Freakonomics: Why California’s Tuition Hike Might Be a Good Thing - cwan
http://freakonomics.blogs.nytimes.com/2009/11/23/why-californias-tuition-hike-might-be-a-good-thing/

======
jadence
I read this article w/ very mixed reactions.

Part of me was all for the price discrimination to help "level the playing
field."

Another part of me just cringed. By making price discrimination like this the
norm, the incentive to work hard for your children is greatly diminished. I
know my grandparents scratched and clawed their way for every penny they could
earn/save to pay for my parent's/aunt's/uncle's educations. They in term did
the same for myself, my siblings, and my cousins. I am doing the same for my
future children (My friends often tell me to live a little and comment about
my dumpy apartment, my used furniture, etc while my savings and investments
grow.

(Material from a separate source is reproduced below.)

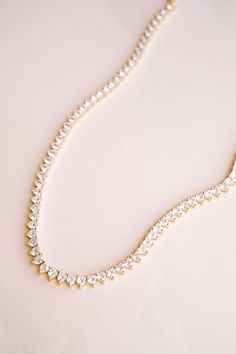 Introducing our gold Queen's Heart Tennis Necklace. This gold dainty choker is the perfect way to add a little romance to your style! Featuring a row of heart-shaped cubic zirconia stones set in a delicate 14k gold-plated design, this necklace brings a touch of royal charm to any outfit. Ideal for casual days, date nights, weddings, bridesmaid gifts, or glamorous evenings, the Queen's Heart Necklace makes every look feel extra special. It's a chic and versatile piece you'll reach for time and time again! ----------------------  NECKLACE FEATURES ◊ Material: Brass, White Cubic Zirconia ◊ Dimensions/Size: 14" with 2" Extender ◊ Finish: 14k Gold Plating ----------------------  PACKAGING ◊ We do the gift-wrapping for you! All jewelry comes packaged in our custom, foiled pressed gift boxes.  -- Gold Tennis Necklace, Tennis Choker Necklace, Diamond Necklace Gold, Dainty Choker, Bridal Jewelry Collection, Dainty Gold Necklace, Gold Choker Necklace, Bridesmaid Bracelet, Birthstone Gifts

No, I never skip out on the bill, not chip in for drinks, group gifts,
etc)

If there is going to be price discrimination as described in the linked
article why should I live so frugally for my future childrens' education? My
future kids rich peers' parents will cover the extra expenses while I live
lavishly now! Why should I save now and be the sucker?

How can the system help those who are disadvantaged while not indirectly
encouraging people to be financially irresponsible? My gut reaction is to make
educational "cheaper" for the rich while still accessible to those who really
want it. Yes, I know this thought is antithesis to the linked article.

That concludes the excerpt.